When the job is running, if it is an interactive mpich-g2 job,
the output should be similar to the following:
Subjob0: my_id
0 numprocs 2
Subjob0: Number of trips around the
ring ? 2
Subjob0: Verbosity (yes/no) ? yes
Subjob0: Processor name:
cg05.ific.uv.es
Subjob0: Starting trip 1 of 2:
before sending num=1 to dest=1
Subjob0: Inside trip 1 of 2: before
receiving from source=1
Subjob0: End of trip 1 of 2: after
receiving passed_num=2 (should be =trip*numprocs=2) from source=1
Subjob0: Starting trip 2 of 2:
before sending num=3 to dest=1
Subjob0: Inside trip 2 of 2: before
receiving from source=1
Subjob0: End of trip 2 of 2: after
receiving passed_num=4 (should be =trip*numprocs=4) from source=1
Subjob0:
>>>>>>>>>>>>>>> INTERACTIVE JOB FINISHED
<<<<<<<<<<<<<<<
Subjob1: my_id
1 numprocs 2
Subjob1: Processor name:
cg04.ific.uv.es
Subjob1: Top of trip 1 of 2: before
receiving from source=0
Subjob1: Inside trip 1 of 2: after
receiving passed_num=1 from source=0
Subjob1: Inside trip 1 of 2: before
sending passed_num=2 to dest=0
Subjob1: Bottom of trip 1 of 2:
after send to dest=0
Subjob1: Top of trip 2 of 2: before
receiving from source=0
Subjob1: Inside trip 2 of 2: after
receiving passed_num=3 from source=0
Subjob1: Inside trip 2 of 2: before
sending passed_num=4 to dest=0
Subjob1: Bottom of trip 2 of 2:
after send to dest=0
Subjob1:
>>>>>>>>>>>>>>> INTERACTIVE JOB FINISHED
<<<<<<<<<<<<<<<
Note that “Subjob0” and “Subjob1” indicates the mpich process id.
However, if it is an interactive mpich-p4 job, the output will be the following:
my_id 0 numprocs
2
Number of trips around the ring ? 2
Verbosity (yes/no)
? yes
my_id 1 numprocs
2
Slave 1: Processor name:
cg04.ific.uv.es
Slave 1: top of trip 1 of 2: before
receiving from source=0
Slave 1: inside trip 1 of 2: after
receiving passed_num=1 from source=0
Slave 1: inside trip 1 of 2: before
sending passed_num=2 to dest=0
Slave 1: bottom of trip 1 of 2:
after send to dest=0
Slave 1: top of trip 2 of 2: before
receiving from source=0
Slave 1: inside trip 2 of 2: after
receiving passed_num=3 from source=0
Slave 1: inside trip 2 of 2: before
sending passed_num=4 to dest=0
Slave 1: bottom of trip 2 of 2:
after send to dest=0
Master: Processor name:
cg06.ific.uv.es
Master: starting trip 1 of 2:
before sending num=1 to dest=1
Master: inside trip 1 of 2: before
receiving from source=1
Master: end of trip 1 of 2: after
receiving passed_num=2 (should be =trip*numprocs=2) from source=1
Master: starting trip 2 of 2:
before sending num=3 to dest=1
Master: inside trip 2 of 2: before
receiving from source=1
Master: end of trip 2 of 2: after
receiving passed_num=4 (should be =trip*numprocs=4) from source=1
>>>>>>>>>>>>>>> INTERACTIVE JOB
FINISHED
<<<<<<<<<<<<<<<
Note that when the job is an interactive mpich-p4, the execution not shows “Subjob0” nor “SubjobN” strings because in this case we show the mpirun output.

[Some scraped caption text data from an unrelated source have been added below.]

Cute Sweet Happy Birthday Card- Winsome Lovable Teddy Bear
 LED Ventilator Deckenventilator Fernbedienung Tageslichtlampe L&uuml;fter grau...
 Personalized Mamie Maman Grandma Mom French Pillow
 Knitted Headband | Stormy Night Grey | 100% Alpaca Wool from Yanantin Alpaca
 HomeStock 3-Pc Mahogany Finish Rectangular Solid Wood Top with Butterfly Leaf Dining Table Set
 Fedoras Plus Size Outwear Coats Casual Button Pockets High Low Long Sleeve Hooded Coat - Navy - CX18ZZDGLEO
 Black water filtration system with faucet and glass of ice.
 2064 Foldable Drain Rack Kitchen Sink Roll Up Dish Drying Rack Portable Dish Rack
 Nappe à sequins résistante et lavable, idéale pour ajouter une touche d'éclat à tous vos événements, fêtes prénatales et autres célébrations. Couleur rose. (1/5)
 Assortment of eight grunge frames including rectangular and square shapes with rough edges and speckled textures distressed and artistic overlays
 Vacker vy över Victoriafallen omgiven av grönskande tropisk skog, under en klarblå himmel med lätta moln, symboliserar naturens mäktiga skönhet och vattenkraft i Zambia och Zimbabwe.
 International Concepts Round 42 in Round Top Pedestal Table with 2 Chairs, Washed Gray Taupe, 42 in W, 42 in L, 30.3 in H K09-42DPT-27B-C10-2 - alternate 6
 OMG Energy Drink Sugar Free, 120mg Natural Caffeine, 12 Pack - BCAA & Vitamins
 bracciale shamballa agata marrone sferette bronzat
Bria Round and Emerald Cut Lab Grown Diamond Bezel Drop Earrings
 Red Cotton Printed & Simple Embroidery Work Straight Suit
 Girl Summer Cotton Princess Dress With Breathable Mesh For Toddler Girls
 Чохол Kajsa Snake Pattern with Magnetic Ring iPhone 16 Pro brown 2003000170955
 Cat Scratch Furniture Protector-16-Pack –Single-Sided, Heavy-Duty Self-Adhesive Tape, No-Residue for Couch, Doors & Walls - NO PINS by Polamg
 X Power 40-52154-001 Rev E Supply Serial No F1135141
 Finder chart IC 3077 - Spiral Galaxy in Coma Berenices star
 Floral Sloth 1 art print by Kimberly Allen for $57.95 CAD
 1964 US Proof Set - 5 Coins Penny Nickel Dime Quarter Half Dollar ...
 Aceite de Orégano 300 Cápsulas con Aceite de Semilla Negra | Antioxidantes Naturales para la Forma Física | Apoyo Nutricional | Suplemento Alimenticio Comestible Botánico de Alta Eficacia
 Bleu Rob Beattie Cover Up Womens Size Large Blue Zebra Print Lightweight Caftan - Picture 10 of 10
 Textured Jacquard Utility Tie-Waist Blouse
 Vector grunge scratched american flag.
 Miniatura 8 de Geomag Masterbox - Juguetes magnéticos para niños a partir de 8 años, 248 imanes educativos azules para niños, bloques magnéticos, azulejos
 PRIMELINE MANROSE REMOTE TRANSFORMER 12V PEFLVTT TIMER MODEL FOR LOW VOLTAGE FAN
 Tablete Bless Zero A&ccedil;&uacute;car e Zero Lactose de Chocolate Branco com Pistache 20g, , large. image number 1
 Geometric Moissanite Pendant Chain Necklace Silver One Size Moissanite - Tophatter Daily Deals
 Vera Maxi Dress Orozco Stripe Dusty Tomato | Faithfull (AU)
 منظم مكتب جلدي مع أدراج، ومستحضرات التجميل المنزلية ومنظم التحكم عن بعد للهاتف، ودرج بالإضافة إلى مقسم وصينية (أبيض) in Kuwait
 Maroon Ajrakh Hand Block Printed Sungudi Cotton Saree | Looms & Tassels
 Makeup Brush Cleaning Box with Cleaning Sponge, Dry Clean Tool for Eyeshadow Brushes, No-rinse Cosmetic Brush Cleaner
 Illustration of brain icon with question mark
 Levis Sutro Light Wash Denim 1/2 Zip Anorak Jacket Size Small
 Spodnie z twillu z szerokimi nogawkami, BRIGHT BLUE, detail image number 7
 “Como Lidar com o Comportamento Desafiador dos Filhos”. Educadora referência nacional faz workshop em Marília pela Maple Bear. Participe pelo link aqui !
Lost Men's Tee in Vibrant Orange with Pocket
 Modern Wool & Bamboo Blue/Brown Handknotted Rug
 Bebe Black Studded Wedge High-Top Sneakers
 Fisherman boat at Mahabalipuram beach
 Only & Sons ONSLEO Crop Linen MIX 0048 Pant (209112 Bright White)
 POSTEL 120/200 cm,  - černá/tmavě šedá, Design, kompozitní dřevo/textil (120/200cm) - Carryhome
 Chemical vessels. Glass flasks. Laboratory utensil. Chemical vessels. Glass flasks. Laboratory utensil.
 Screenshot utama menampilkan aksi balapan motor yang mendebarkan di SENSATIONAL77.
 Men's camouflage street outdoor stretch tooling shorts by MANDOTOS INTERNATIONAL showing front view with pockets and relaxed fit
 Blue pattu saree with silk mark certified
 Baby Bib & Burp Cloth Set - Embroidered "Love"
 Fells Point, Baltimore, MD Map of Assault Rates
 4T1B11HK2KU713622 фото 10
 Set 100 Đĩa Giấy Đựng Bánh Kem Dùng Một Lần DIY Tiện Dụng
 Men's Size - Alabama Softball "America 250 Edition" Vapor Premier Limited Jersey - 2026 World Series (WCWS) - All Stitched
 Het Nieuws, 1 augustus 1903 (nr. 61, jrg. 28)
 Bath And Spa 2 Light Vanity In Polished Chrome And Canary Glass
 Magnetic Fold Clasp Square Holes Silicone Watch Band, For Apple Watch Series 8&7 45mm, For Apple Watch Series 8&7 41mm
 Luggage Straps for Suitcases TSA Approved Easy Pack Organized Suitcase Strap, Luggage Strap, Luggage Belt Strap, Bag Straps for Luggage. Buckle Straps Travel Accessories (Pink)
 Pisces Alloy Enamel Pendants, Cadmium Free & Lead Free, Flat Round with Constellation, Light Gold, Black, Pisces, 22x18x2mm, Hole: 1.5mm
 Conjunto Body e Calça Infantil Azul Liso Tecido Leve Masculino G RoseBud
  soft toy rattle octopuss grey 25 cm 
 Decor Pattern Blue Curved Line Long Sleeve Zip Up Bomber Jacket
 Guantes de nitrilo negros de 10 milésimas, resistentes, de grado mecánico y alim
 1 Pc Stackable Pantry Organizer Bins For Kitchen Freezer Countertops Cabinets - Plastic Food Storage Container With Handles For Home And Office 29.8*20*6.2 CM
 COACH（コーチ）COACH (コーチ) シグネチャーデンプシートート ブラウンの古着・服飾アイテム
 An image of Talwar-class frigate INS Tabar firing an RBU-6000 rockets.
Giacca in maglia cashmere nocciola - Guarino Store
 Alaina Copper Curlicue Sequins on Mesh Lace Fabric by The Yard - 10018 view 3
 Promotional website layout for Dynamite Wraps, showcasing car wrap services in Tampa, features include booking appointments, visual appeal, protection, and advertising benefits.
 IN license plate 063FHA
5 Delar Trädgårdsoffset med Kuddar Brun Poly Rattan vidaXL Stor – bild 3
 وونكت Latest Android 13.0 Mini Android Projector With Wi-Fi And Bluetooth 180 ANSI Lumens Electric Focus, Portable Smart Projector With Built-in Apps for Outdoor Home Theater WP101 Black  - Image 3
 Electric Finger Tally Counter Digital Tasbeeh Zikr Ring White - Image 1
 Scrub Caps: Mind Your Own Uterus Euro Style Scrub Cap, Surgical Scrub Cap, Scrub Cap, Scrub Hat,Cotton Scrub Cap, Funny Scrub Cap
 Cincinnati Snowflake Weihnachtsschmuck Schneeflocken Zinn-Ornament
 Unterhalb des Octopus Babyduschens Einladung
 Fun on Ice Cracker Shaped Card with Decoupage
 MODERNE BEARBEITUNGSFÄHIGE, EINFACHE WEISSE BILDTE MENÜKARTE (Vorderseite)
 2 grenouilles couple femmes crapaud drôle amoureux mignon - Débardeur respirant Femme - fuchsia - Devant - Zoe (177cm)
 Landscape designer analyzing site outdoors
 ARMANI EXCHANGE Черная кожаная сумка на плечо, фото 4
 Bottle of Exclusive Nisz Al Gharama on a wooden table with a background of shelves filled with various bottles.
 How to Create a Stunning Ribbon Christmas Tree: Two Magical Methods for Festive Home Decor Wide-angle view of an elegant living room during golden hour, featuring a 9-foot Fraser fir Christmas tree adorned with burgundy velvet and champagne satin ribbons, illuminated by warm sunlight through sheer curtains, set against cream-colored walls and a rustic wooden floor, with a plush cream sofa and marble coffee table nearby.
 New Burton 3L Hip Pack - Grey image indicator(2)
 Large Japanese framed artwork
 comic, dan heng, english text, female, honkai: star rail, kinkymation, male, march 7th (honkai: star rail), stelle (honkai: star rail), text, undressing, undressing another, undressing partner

For that reason, it also has only one end string.
When all the mpich-g2 job subtasks have finished or when mpirun has finished, the following message will appear:
***************************************
Interactive
Session has finish correctly.
Removing
Listener and input/output streams...
Done
Press
<enter> to go to prompt
***************************************
However, if the user cancelled the job, by pressing ctrl+C, appears the next message in the console:
***************************************
Interactive Session ended by user.
Removing Listener and input/output
streams...
Done
Press <enter> to go to prompt
***************************************
If the job was cancelled, the job must be removed using the command edg-job-cancel, but if the job is not executing in the remote host, it can be restored with the edg-job-attach command:
edg-job-attach
https://aorbgrid.uab.es:9000/ta84GWSCp0qnuTH3g2N8yQ
**********************************************************************
JOB ATTACHED:
The Interactive Session Listener has been
successfully launched
with the following
parameters:
---
Host: 158.109.65.39
Port: 24501
**********************************************************************
***************************************
Interactive
Job console started for
https://aorbgrid.uab.es:9000/ta84GWSCp0qnuTH3g2N8yQ
Please
press ^C to exit from the session
***************************************
From then on, the job will continue its execution exactly as if the edg-job-submit command had been used.